Zoe, I don’t know. I have trouble seeing Andrew Jackson as a complete scoundrel. I don’t pretend he was what modern Americans would consider a moral man, any man who would claim that his two great regrets in life were: “I did not hang Calhoun and shoot Clay,” is someone I will speak up for.
He was a racist bastard, a hard man, and unforgiving to a degree that horrifies me. He also was a staunch champion of the poor, and saw the issues of his day more clearly than many more respectable figures of the day.
For that matter, assigning all the blame for The Trail of Tears to Jackson is a cop-out. The forced removal of the Indians from their land would never have happened simply because Andrew Jackson decreed it. And preventing it would have taken the use of the Army and deadly force. Continentalism was still a real factor in national politics, and Manifest Destiny - something I see as the logical successor of Continentalism - was only about 10 years in the future at that time. What happened was something that was done by Americans, not just any single American. Even those who spoke out against it were unwilling to consider the measures that would have been necessary to prevent the relocation of the Indians.
Of course, what’s interesting to me, is the possibility that had Jackson lost at New Orleans, that would have killed Continentalism, and left Manifest Destiny stillborn.
I’d still like to see someone else’s face on the $20 bill. Whether Andrew Jackson is solely to blame or not, he is still the person who was Commander-in-Chief when it happened, and so accrues the credit and blame for it. I just don’t like that so many people want to paint Andrew Jackson as solely a villian.
Don’t forget our Congressman from the Sahara Desert district, Representative Steve King. Here is a man who was genuinely born 150 years too late. While not necessarily a national player he is proudly carrying on all the traditions of both the Know Nothing Party and the Country Club Republicans.
Our current governor, however, has lots of potential, he being really big, not too bright and completely dominated by a pit bull lawyer wife. Give him time and he could become a major league doofus.
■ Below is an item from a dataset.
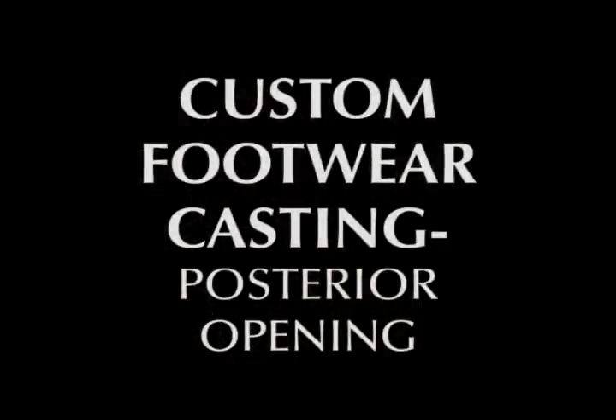Hello and welcome to an ACOR Orthopedic Educational Tutorial. My name is Ross Marty and I am Director of Clinical Education for ACOR, and I will be your instructor for this series. In this segment we will be covering the basics of casting the foot for custom footwear using the posterior opening technique.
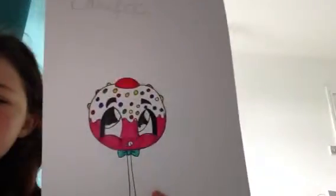Then I did this pop top, but the colours went a bit wrong, but I still like it. I think it looks really cute and adorable.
Another Connecticut politician who is appropriate for this list is Philip Giordano, former mayor of Waterbury, who sexually abused two girls (provided to him by a woman who was the mother of one girl and the aunt of the other). Giordano, as well as a couple of previous mayors of Waterbury, took bribes (and it’s the hometown of John Rowland, whom I mentioned above). I’m happy to say that I’m not from Waterbury.
And so does that of Don King, another inductee in my native Buckeye State’s Hall of Shame.
Sure, the kids know all about Maurice Clarett, but I’ll go old school in the Ohio State football division by bringing up Woody Hayes.
And speaking of sports, my current home of Indiana is known by my mom (not exactly the world’s biggest college-basketball maven) as “the place where that awful Bobby Knight was coach”.
Although I’ve never lived in Georgia, I can’t resist adding the name of Lester Maddox to that state’s candidates. Also, my mother tells me of the days when her father wore an “Oust Bilbo” button, inspired by Mississippi’s U.S. Senator Theodore Bilbo. After you read the article, I think you’ll agree that Grandpa was more than justified in his stance.